WHAT THE EXERCISE ASKS: Repeat the span of the entries below that starts at the line with "all electric warmtepomp installatie" and ends at the line with "Item preview, The", nothing more. Skip the pictures.

SUPPLIED DATA:
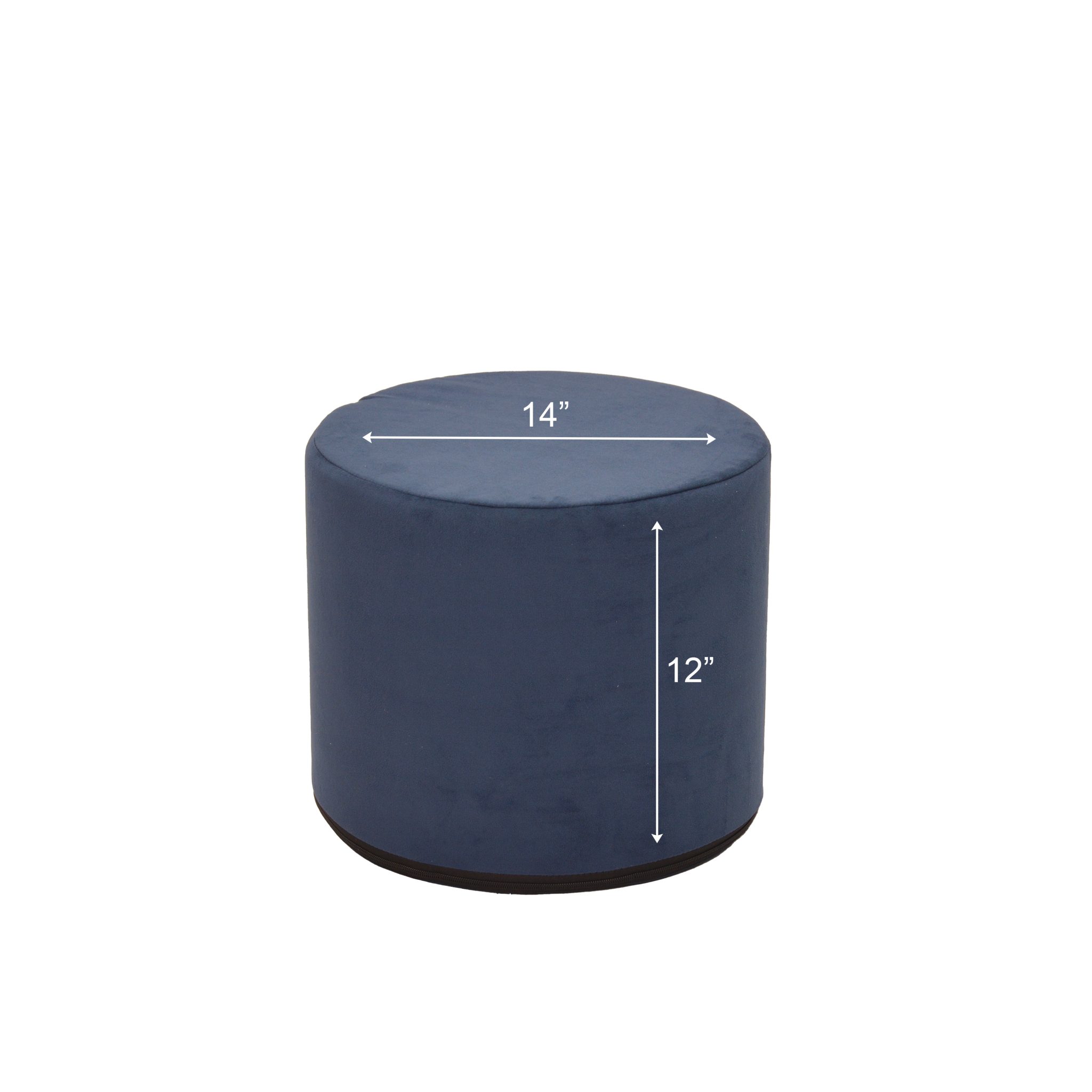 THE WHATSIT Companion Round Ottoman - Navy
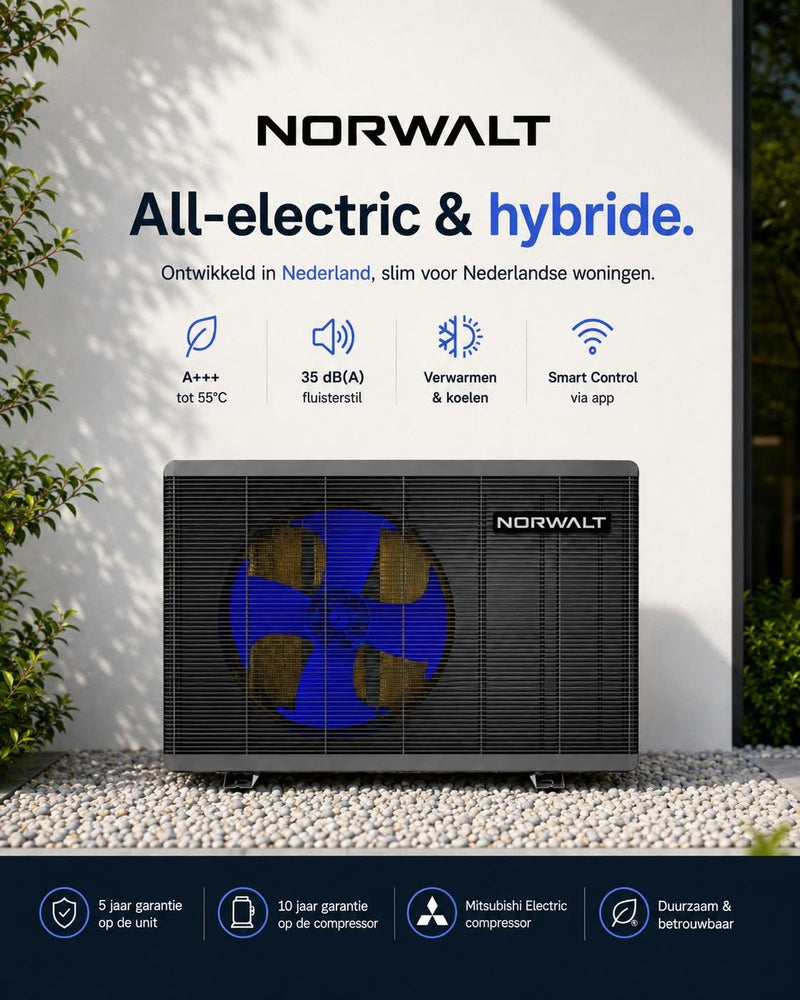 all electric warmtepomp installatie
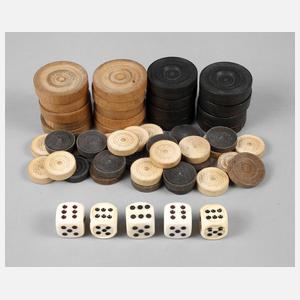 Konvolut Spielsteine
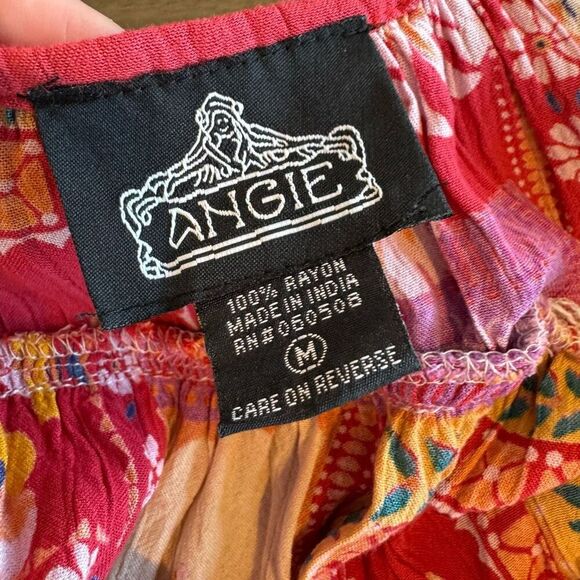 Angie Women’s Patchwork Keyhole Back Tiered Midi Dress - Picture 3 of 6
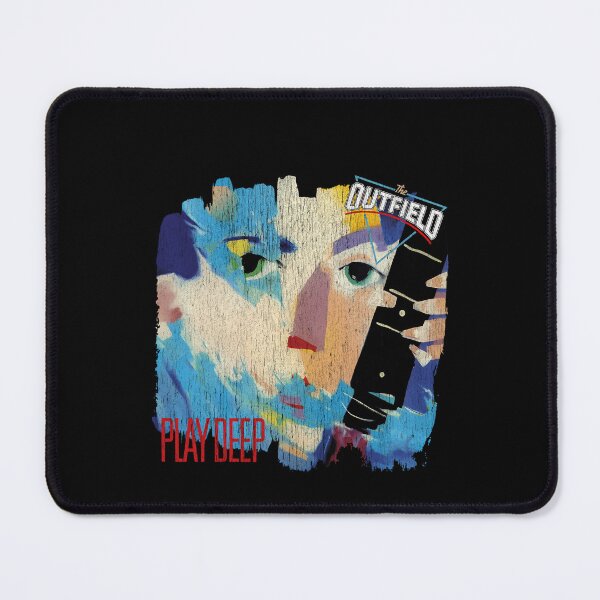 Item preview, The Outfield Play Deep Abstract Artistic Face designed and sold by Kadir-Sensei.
==
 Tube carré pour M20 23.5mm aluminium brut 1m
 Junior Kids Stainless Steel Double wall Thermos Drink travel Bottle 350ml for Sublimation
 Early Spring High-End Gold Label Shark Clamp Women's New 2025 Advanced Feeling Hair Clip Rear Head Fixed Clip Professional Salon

WRITTEN ANSWER:
 all electric warmtepomp installatie
 Konvolut Spielsteine
 Angie Women’s Patchwork Keyhole Back Tiered Midi Dress - Picture 3 of 6
 Item preview, The Outfield Play Deep Abstract Artistic Face designed and sold by Kadir-Sensei.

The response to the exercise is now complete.